8. (In Großbuchstaben:) Warum habt ihr die Gewerkschafter denn nicht verjagt? Habt ihr Schiss?
9. Was ist denn die Lösung für die Krise? Wo waren die Gewerkschaften denn, als Zapatero dran war? Klar, da habt ihr die Hand aufgehalten und Subventionen kassiert.
10. Wie viele Faschisten kommentieren hier eigentlich? Ihr hockt zuhause, wir kämpfen für eure Rechte. Es lebe der Kampf der Arbeiterklasse.
11. Argumente: Ihr sagt, mit dem Streik erreicht man nichts, aber wenn wir was erreichen, dann habt ihr genauso den Nutzen. 8-Stundentag, 5-Tagewoche, Arbeitslosengeld (es folgt eine lange Aufzählung), das haben alles die Gewerkschaften erkämpft.

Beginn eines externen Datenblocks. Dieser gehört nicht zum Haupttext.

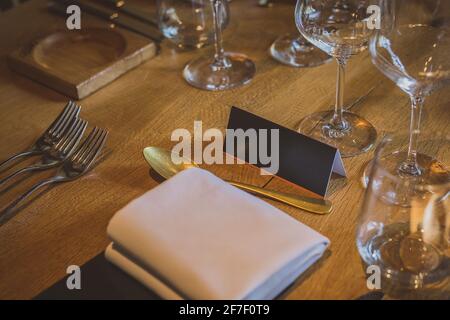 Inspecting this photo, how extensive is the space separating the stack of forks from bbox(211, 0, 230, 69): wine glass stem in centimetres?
27

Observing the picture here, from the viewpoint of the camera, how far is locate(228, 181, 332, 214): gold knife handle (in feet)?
2.51

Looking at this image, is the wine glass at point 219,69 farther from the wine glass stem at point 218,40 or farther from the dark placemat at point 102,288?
the dark placemat at point 102,288

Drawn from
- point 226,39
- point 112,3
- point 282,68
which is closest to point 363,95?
point 282,68

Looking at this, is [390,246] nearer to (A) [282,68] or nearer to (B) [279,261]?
(B) [279,261]

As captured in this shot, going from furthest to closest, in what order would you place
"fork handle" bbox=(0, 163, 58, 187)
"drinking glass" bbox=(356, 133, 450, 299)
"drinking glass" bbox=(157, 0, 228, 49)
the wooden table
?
"drinking glass" bbox=(157, 0, 228, 49), "fork handle" bbox=(0, 163, 58, 187), the wooden table, "drinking glass" bbox=(356, 133, 450, 299)

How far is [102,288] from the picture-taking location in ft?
2.16

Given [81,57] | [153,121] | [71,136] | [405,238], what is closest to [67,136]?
[71,136]

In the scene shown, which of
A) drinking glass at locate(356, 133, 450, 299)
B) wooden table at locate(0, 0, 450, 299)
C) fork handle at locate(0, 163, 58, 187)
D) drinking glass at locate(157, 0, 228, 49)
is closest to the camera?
drinking glass at locate(356, 133, 450, 299)

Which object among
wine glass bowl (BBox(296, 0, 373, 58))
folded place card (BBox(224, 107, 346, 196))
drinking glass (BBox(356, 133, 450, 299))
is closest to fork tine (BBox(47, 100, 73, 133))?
folded place card (BBox(224, 107, 346, 196))

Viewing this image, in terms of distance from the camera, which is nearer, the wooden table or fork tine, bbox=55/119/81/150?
the wooden table

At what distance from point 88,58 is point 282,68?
0.33 m

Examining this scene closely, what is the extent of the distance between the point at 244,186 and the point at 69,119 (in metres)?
0.30

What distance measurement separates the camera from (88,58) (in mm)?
1103

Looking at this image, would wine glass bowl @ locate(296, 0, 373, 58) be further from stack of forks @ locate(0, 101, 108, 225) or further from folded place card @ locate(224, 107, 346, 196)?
stack of forks @ locate(0, 101, 108, 225)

12. Man hat das Gefühl, ihr seid stolz darauf, keiner Ideologie anzugehören. Ihr wollt nur billig studieren!
13. Die Taxifahrer fordern immer unsere Solidarität. Heute haben sie alle gearbeitet. Geier!

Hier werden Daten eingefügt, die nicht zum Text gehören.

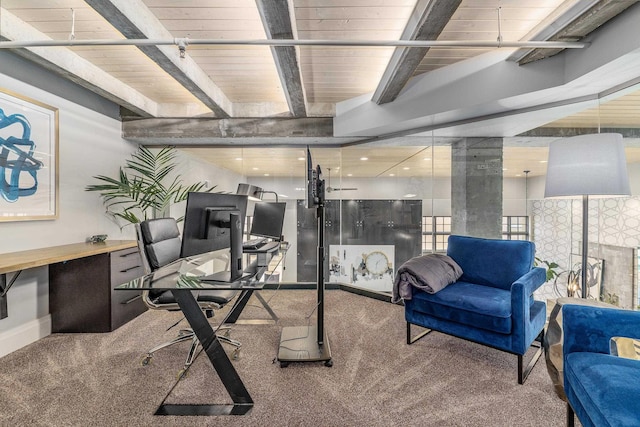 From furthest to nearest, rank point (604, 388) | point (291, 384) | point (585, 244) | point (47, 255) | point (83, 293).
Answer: point (83, 293), point (585, 244), point (47, 255), point (291, 384), point (604, 388)

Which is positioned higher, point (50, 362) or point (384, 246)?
point (384, 246)

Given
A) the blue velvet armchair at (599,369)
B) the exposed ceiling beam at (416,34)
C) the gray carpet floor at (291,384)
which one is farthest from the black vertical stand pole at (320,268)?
the blue velvet armchair at (599,369)

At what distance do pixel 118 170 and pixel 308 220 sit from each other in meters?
2.51

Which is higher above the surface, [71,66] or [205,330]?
[71,66]

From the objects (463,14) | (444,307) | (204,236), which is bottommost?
(444,307)

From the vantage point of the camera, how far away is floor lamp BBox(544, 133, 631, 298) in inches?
67.4

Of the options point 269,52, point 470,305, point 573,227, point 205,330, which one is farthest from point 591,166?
point 205,330

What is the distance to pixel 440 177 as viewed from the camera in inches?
141

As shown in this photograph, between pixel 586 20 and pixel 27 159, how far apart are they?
4240 millimetres

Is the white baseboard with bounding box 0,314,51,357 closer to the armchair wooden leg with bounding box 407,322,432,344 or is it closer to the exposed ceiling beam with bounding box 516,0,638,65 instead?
the armchair wooden leg with bounding box 407,322,432,344

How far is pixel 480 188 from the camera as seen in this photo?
11.1 feet

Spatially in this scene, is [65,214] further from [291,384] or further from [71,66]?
[291,384]

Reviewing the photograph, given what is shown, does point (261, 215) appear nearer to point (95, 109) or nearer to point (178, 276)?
point (178, 276)

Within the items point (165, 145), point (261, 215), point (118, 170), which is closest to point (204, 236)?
point (261, 215) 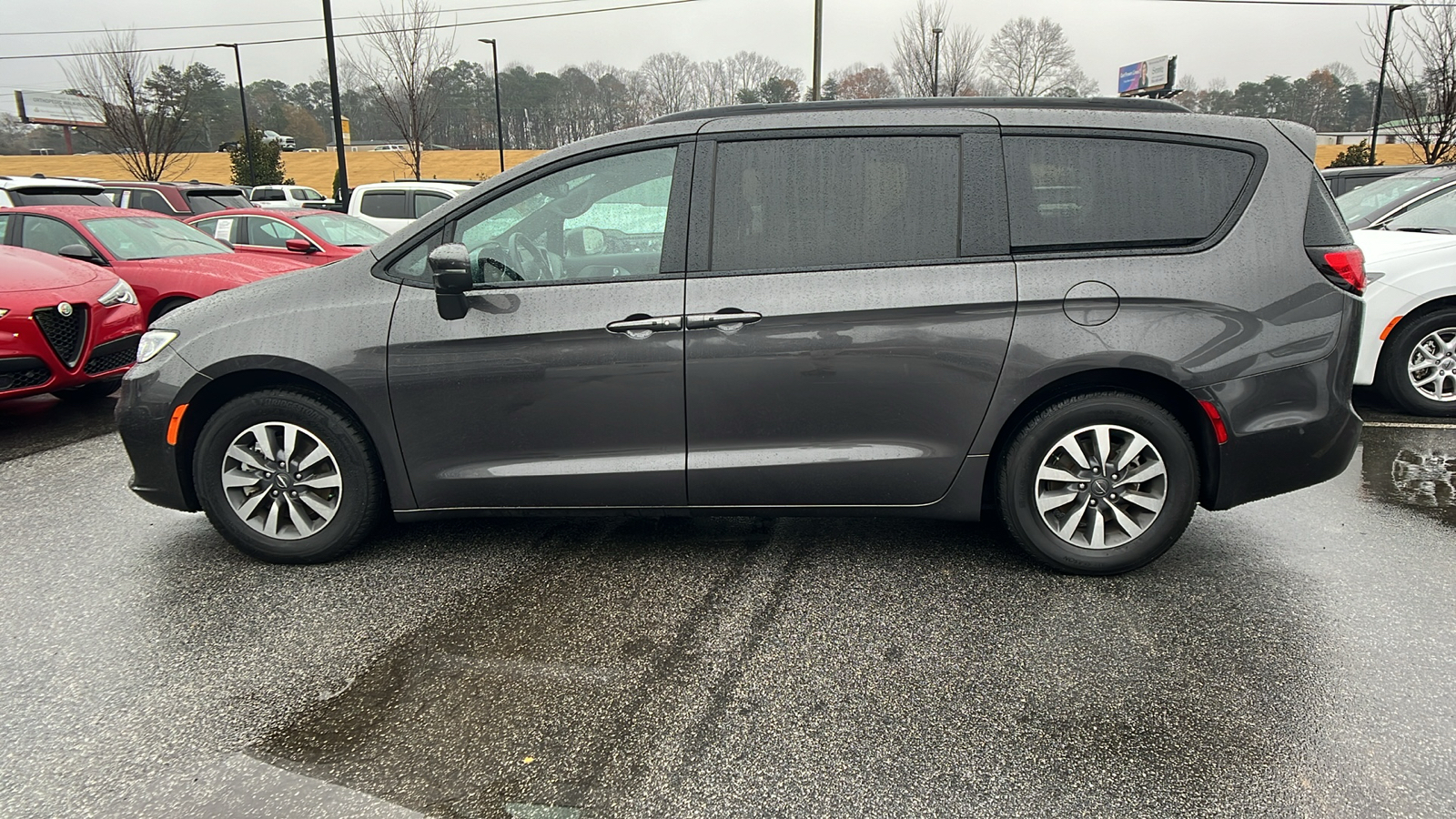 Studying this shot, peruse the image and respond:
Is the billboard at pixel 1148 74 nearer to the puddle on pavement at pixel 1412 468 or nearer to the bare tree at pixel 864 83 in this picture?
the bare tree at pixel 864 83

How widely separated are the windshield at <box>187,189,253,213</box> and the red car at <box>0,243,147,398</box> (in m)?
8.83

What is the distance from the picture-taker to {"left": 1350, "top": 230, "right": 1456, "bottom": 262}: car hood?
5.90m

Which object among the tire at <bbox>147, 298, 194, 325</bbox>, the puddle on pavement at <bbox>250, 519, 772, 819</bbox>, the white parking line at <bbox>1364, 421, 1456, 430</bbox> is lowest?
the puddle on pavement at <bbox>250, 519, 772, 819</bbox>

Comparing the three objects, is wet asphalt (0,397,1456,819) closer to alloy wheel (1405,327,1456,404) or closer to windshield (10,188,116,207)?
alloy wheel (1405,327,1456,404)

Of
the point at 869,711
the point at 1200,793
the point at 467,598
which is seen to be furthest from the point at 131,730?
the point at 1200,793

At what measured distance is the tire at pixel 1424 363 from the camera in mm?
5902

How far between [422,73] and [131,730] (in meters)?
32.9

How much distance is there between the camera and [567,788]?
88.6 inches

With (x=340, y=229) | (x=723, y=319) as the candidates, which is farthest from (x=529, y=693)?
(x=340, y=229)

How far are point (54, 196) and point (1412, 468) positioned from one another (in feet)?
48.1

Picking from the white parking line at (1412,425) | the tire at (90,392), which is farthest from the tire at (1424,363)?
the tire at (90,392)

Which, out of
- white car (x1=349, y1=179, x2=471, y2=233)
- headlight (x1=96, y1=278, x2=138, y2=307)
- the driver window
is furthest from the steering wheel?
white car (x1=349, y1=179, x2=471, y2=233)

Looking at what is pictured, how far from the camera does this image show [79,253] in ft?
25.2

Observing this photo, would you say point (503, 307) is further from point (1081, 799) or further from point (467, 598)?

14. Mit dieser privilegierten Politikerkaste kommen wir nie aus dem Tränental. Es gibt hier zu viele Faschisten. An alle, die Rajoy gewählt haben: Es geschieht Euch recht!

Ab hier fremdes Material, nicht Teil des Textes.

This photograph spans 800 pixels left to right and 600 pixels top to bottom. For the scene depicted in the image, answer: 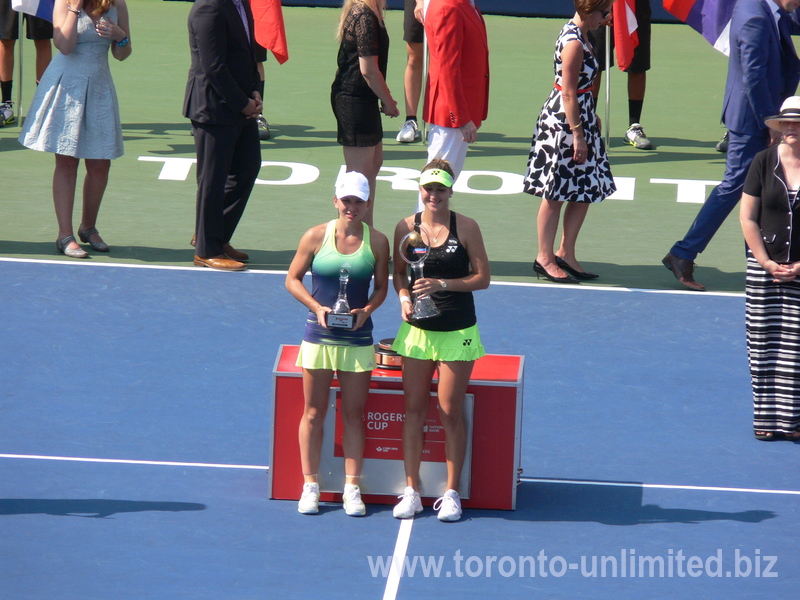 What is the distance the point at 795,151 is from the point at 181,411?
3613 millimetres

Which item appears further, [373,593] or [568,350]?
[568,350]

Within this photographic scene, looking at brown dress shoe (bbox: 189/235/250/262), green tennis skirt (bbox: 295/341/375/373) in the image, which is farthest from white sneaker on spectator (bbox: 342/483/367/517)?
brown dress shoe (bbox: 189/235/250/262)

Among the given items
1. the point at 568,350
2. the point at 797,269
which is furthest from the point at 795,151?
the point at 568,350

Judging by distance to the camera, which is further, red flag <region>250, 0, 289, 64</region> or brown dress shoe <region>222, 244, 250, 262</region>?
red flag <region>250, 0, 289, 64</region>

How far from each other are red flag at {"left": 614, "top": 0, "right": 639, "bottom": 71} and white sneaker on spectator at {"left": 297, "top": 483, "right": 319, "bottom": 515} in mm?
8290

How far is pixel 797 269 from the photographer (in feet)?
21.7

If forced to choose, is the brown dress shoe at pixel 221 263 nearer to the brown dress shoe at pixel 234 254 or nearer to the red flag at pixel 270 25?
the brown dress shoe at pixel 234 254

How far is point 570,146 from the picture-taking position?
350 inches

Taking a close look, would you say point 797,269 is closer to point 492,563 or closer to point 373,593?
point 492,563

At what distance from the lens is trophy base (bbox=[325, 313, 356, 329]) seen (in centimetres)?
561

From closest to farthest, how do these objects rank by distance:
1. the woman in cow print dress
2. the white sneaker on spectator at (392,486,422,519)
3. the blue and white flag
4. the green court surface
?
the white sneaker on spectator at (392,486,422,519)
the woman in cow print dress
the green court surface
the blue and white flag

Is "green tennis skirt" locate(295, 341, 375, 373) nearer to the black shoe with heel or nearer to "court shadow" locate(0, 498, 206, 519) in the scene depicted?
"court shadow" locate(0, 498, 206, 519)

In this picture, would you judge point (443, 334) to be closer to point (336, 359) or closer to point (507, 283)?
point (336, 359)

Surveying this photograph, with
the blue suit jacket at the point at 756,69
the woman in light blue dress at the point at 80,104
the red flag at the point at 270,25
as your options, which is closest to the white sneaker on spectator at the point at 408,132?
the red flag at the point at 270,25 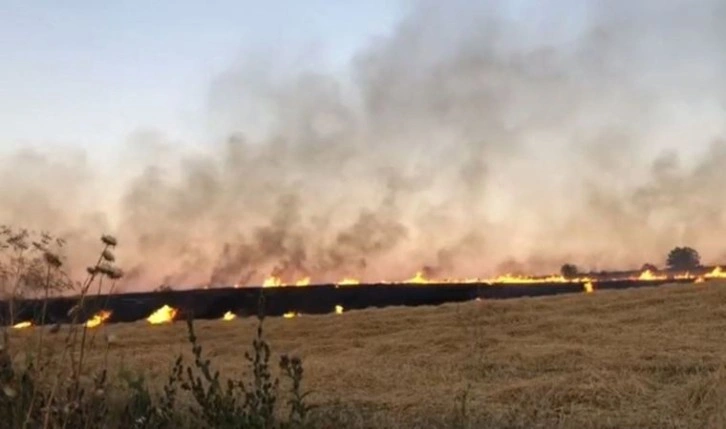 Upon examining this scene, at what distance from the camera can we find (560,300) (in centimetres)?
1285

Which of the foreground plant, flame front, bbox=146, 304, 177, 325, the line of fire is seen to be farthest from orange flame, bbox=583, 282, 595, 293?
the foreground plant

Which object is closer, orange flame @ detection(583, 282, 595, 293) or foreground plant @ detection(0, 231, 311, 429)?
foreground plant @ detection(0, 231, 311, 429)

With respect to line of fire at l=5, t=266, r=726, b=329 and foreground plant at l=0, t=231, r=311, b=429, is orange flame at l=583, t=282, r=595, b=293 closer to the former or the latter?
line of fire at l=5, t=266, r=726, b=329

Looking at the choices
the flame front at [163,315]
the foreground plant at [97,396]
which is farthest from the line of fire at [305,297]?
the foreground plant at [97,396]

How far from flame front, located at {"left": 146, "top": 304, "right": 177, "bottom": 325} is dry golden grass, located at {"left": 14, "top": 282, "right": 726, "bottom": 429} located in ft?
5.30

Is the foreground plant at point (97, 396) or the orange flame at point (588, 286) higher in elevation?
the orange flame at point (588, 286)

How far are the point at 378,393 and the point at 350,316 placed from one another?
6.35m

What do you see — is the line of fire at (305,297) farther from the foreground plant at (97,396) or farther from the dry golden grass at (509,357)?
the foreground plant at (97,396)

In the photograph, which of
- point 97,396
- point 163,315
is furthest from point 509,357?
point 163,315

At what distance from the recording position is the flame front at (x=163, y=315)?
14937mm

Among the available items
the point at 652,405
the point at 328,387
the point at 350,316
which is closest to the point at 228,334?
the point at 350,316

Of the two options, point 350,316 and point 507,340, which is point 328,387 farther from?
point 350,316

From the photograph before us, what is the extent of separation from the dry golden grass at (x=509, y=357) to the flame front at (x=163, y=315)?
1.61m

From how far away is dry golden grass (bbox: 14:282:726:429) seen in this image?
17.9 feet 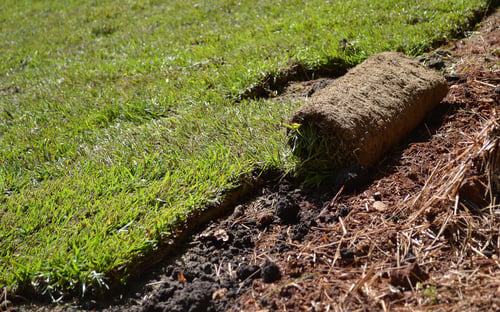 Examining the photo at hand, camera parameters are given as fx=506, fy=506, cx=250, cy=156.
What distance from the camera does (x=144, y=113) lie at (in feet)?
15.8

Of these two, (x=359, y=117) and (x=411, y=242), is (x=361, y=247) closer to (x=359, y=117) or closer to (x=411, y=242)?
(x=411, y=242)

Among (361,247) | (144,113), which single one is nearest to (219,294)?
(361,247)

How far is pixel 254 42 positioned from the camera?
5.88 m

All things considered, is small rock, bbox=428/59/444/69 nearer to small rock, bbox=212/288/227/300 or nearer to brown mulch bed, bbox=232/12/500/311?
brown mulch bed, bbox=232/12/500/311

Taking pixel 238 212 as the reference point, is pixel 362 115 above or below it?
above

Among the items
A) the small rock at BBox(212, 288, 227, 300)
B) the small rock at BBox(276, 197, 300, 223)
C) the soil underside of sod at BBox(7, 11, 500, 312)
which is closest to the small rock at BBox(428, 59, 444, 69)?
the soil underside of sod at BBox(7, 11, 500, 312)

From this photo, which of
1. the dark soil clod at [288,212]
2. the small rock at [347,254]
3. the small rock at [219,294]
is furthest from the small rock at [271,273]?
the dark soil clod at [288,212]

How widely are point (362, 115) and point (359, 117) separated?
1.4 inches

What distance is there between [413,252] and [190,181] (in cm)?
158

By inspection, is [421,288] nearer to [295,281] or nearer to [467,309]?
[467,309]

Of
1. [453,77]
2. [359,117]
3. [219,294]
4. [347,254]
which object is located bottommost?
[219,294]

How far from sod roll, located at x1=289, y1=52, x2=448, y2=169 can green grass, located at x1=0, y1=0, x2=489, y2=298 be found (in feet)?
0.93

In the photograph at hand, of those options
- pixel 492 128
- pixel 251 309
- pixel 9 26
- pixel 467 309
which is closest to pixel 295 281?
pixel 251 309

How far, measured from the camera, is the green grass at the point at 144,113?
3.13 metres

15. Hört auf mit dem Streik, geht nach Hause, heute abend spielt die Nationalmannschaft. Wir wollen Fiesta!
16. Alles, was die Arbeiterklasse erreicht hat, radiert diese Regierung einfach aus. Reagiert endlich!
17. An alle, die die Arbeiter nicht unterstützen: Macht doch eure Scheißlädchen auf solange ihr noch könnt. Vielleicht seid ihr eh bald pleite. Ich werde die Läden, die heute offen hatten, in Zukunft boykottieren. Euch ist es egal, dass mein Lohn gekürzt wurde, mir ist es egal, wenn ihr zusperren müsst. Clowns, Faschisten!
18. Die regieren seit einem Jahr und es geht uns schlechter, wir sind am Arsch. Was hat diese Regierung für das Volk getan? Nichts, nichts, nichts.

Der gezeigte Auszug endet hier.